Su hiperactividad en el manoseado conflicto de Oriente Próximo, arrimando gestiones hasta que tañan las campanas de la jura de George W. Bush es lo de menos. Su obstinación por que Arafat y Barak firmen alguna cosa, hagan una declaración común de intenciones prósperas y benéficas es cierto que ya da la talla del personaje, porque anteriores presidentes, pasado el martes de noviembre en que les elegían sucesor, esperaban sólo a ser plácidamente transportados al museo viviente de la historia. Pero Clinton había obtenido para ello permiso del futuro presidente republicano, y bien que se lo agradece Bush junior, que no puede olvidar los disgustos que a Bush senior le había dado un viejecito llamado Isaac Shamir por poner en duda un día que Israel siempre tenía razón.
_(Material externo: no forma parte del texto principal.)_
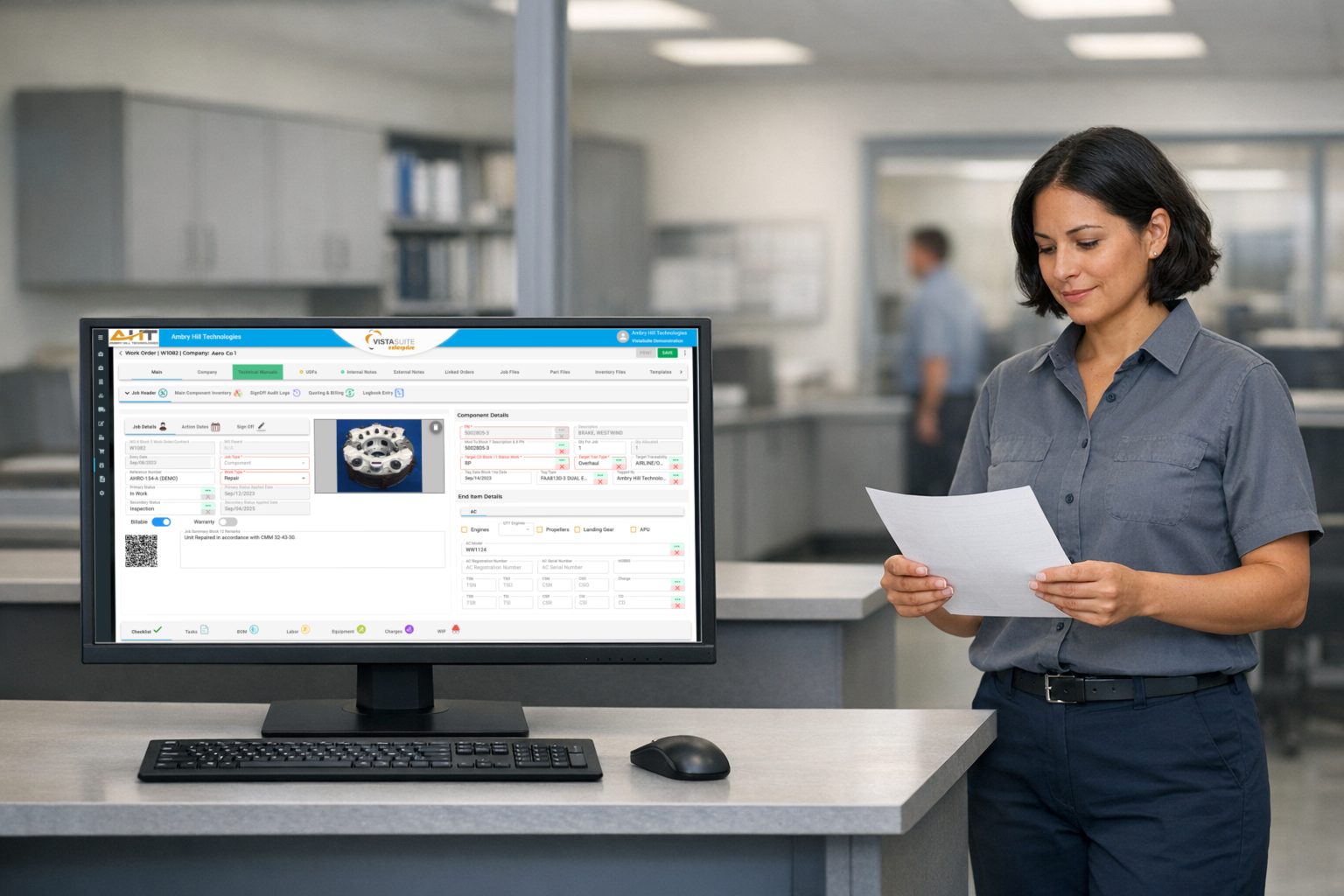 Repair station planner reviewing a document beside a Vista-Suite Enterprise Work Order screen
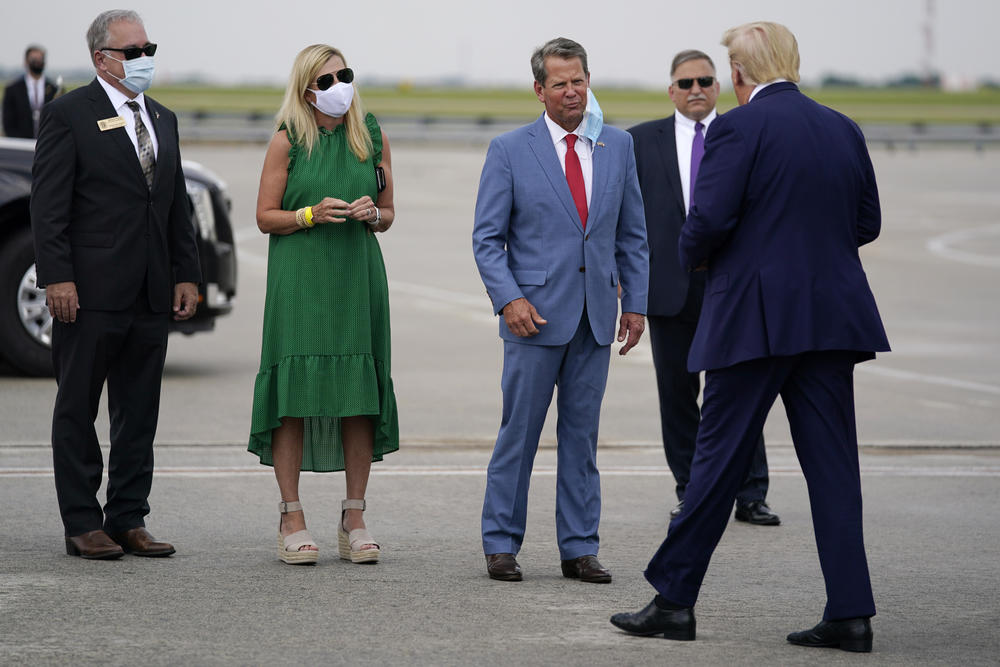 Georgia Governor Brian Kemp greets President Trump at the airport in Atlanta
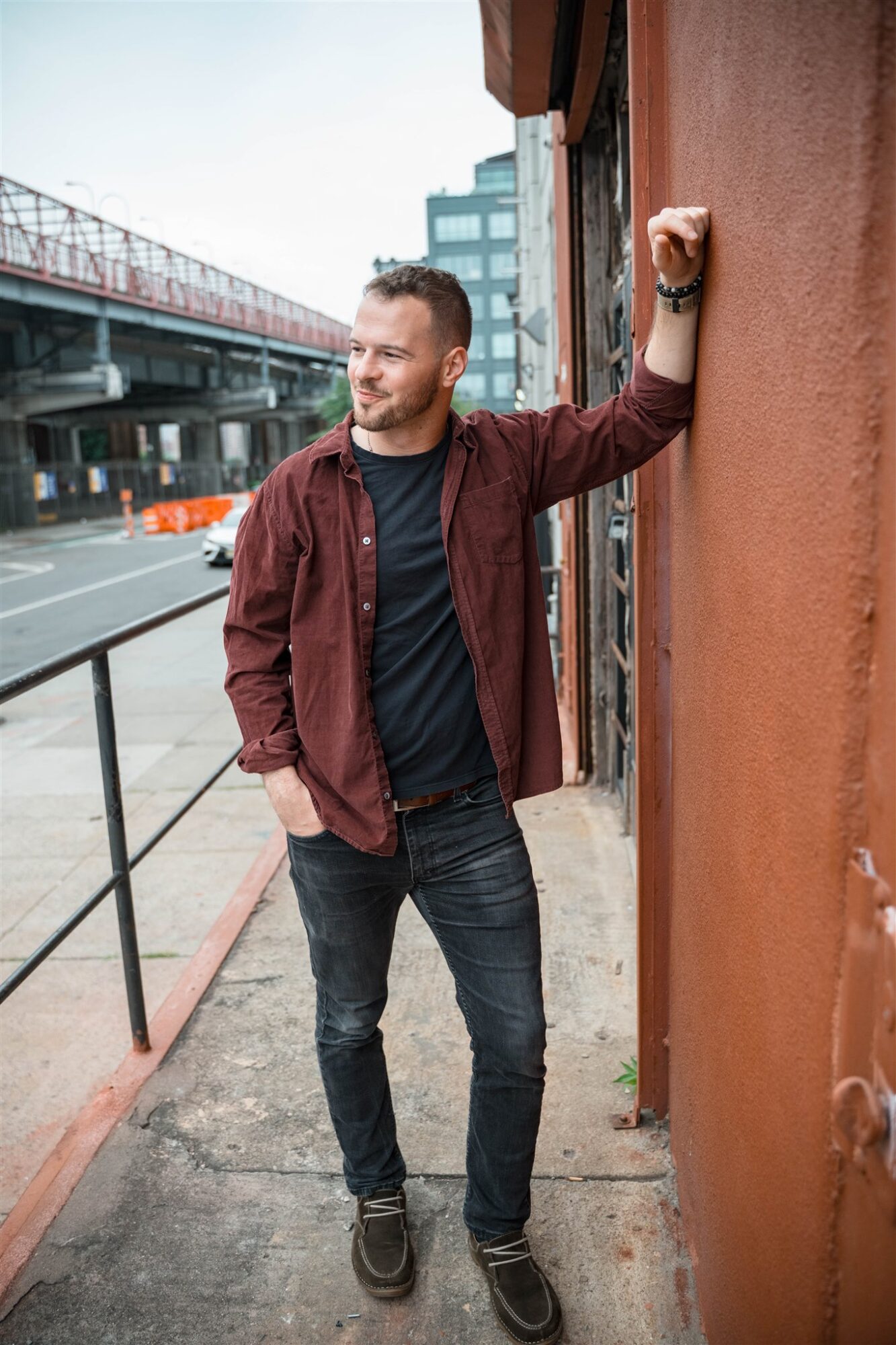 Man leaning against a wall outdoors, with city buildings and a bridge in the background.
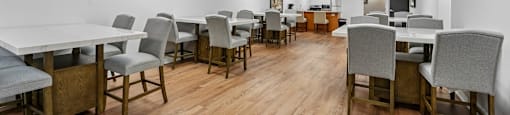 A conference room with a long table and chairs.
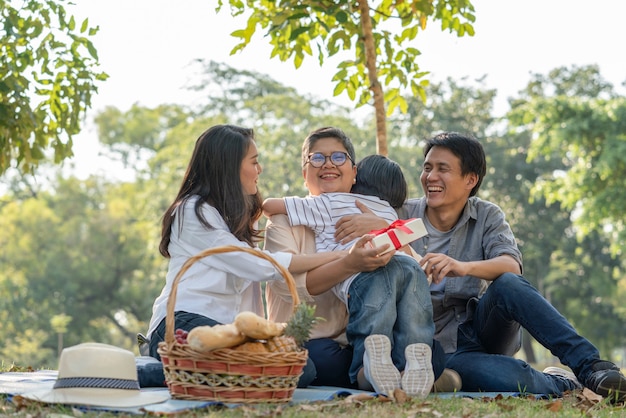 Glücklicher asiatischer Familienenkel, der Großmutter beim Picknicken im Park eine Geschenkbox umarmt und gibt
El más auténtico, el gran Clinton, el que ha dejado encarrilado el proceso de paz en el Ulster, el que ha bombardeado hasta la derrota electoral a un tirano de los Balcanes y ha contaminado con bombas de leucemia (uranio empobrecido) las llanuras aluviales del Tigris y el Éufrates es el que acaba de sembrar de minas, lógicamente antipersona, la inminente inauguración de la presidencia de George Bush.
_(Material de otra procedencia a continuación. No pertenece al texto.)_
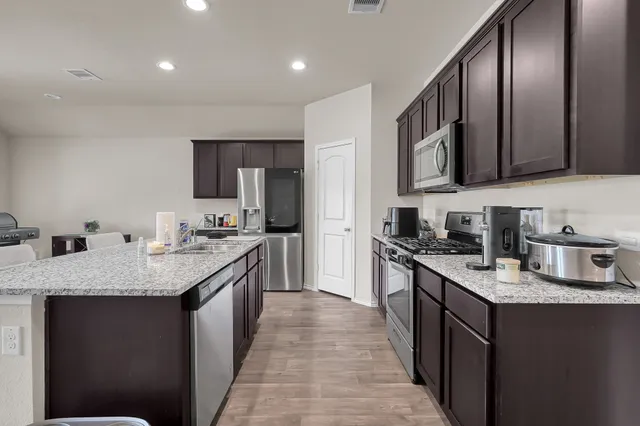 a kitchen with stainless steel appliances granite countertop a sink stove microwave and cabinets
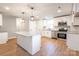 Bright kitchen with white cabinets, granite countertops, an island, and stainless steel appliances at 307 S Ransom St, Gastonia, NC 28052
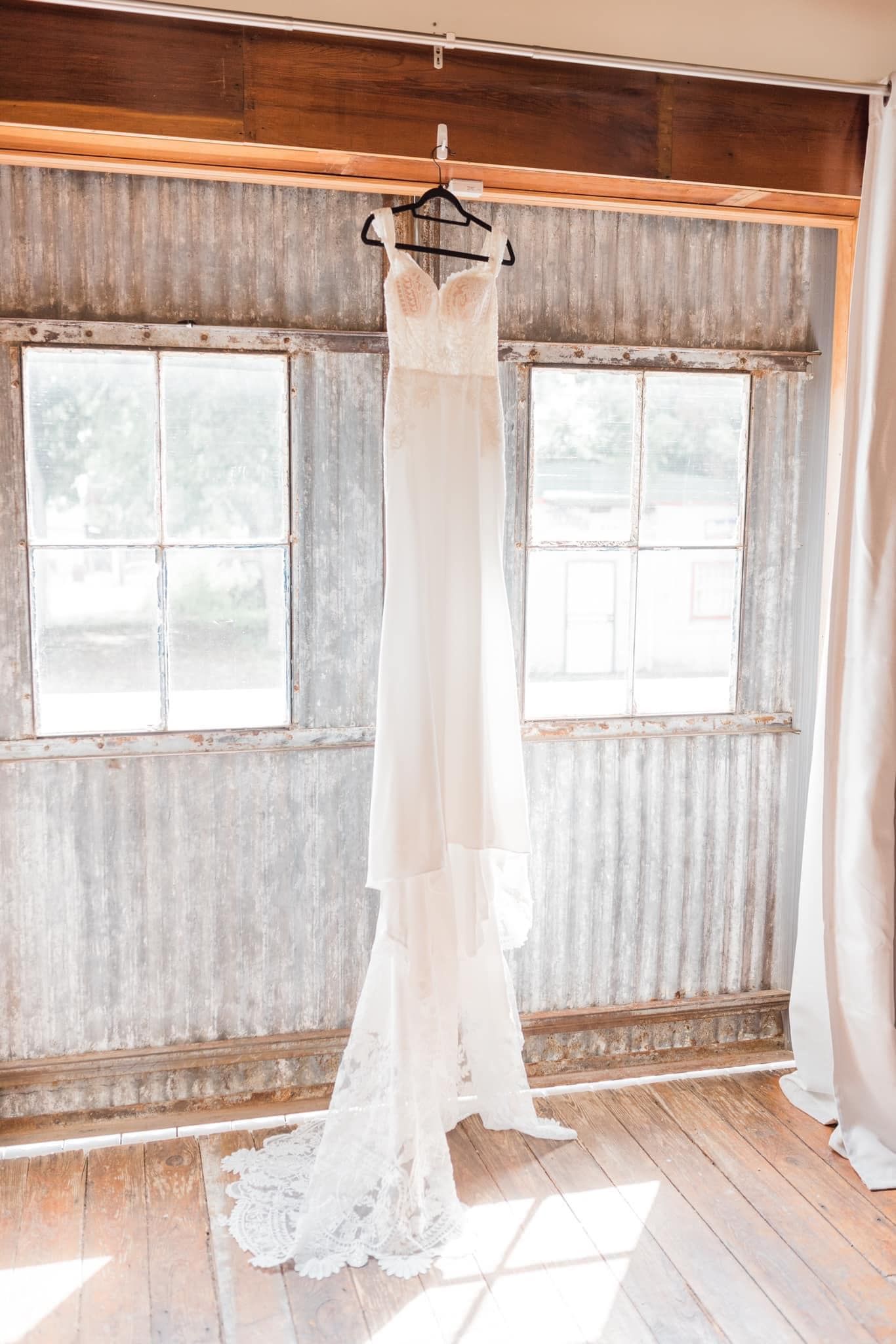 A wedding dress is hanging on a hanger in a room.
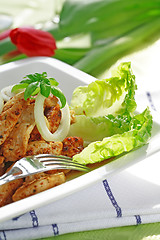 Image showing Chicken stripes with salad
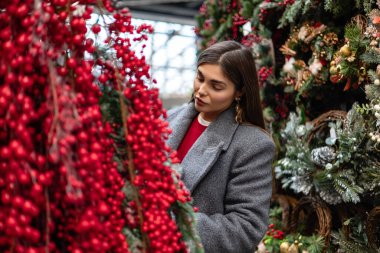 Açık hava tatil pazarında kırmızı böğürtlen ve Noel süslerini inceleyen genç bir kadın..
Como en un folleto de esos de la industria Carnegie de haga-realidad-sus-sueños-por-un-día, Bill Clinton le ha llenado el debú a su sucesor de todo aquello que a él le habría gustado hacer pero no se había atrevido ni a preguntar porque el Congreso no lo veía bien y además su natural tendencia a gobernar con las encuestas hacía demasiado arriesgado.Y este Clinton sin careta, en vez de revelar el Mr. Hyde que todos llevamos dentro, resulta que ocultaba a un benefactor de la humanidad tipo Dr. Jekyll.

Para abrir boca, Clinton ha firmado la adhesión norteamericana al tratado que prohíbe las pruebas nucleares, que hace proliferar bombas de tiempo retardado en la diplomacia de su sucesor, abocada ahora a explicar por qué Washington firma pero no ratifica, cuando lo suyo es mucho más fabricar escudos de misiles antigalácticos.

Para continuar, ha estampado su nombre en otra ley que ni los verdes habrían pedido tanto: la protección de millones de hectáreas de bosques que Bush soñaba con talar para dar paso a diversos intereses de la industria y sus asalariados, caso en el que es incluso posible que el texto legal tenga más defensa en el Congreso que el anterior.

Y, para concluir, se ha producido el acuerdo en Nueva York para que el moroso internacional más importante de la historia pague sus deudas con la ONU y Washington deje de estar, en cuanto las cámaras norteamericanas den su consentimiento, en peligro de desahucio planetario.

Es como si, en tiempo de descuento, hubiéramos visto al Clinton que quiso ser y no fue; al Clinton que le gusta al propio Clinton; al que decía que iba a acabar con la discriminación de los homosexuales en el Ejército; al que parecía convencido de que podría implantar la seguridad social, universal y obligatoria; y, ¿quién sabe?, hasta poner fin al asesinato legal llamado pena de muerte en Estados Unidos. ¡Qué pedazo de presidente nos hemos perdido!

Pero, en todo ello no deja de haber una columna vertebral que sostiene ese edificio humano, de carácter mucho menos desprendido y altruista. ¿Cuánto del ánimo humanitario de Clinton se debe tan sólo a la inquina que le tiene al presidente Bush, a su deseo de convertir en un vía crucis sus primeros pasos por el despacho oval?

Hay, finalmente, un Clinton que engloba a todos los anteriores: el cauteloso hombre de las encuestas, el generoso presidente de las clases medias, el discreto conservador de la naturaleza y el torpedero rencoroso de sus adversarios. Ese Clinton es el que hoy aspira a que el mundo no pueda olvidarle, porque no tiene la menor intención de hacer mutis por el foro. Un presidente cuyo mandato de hombre público esté siempre en sus penúltimos días.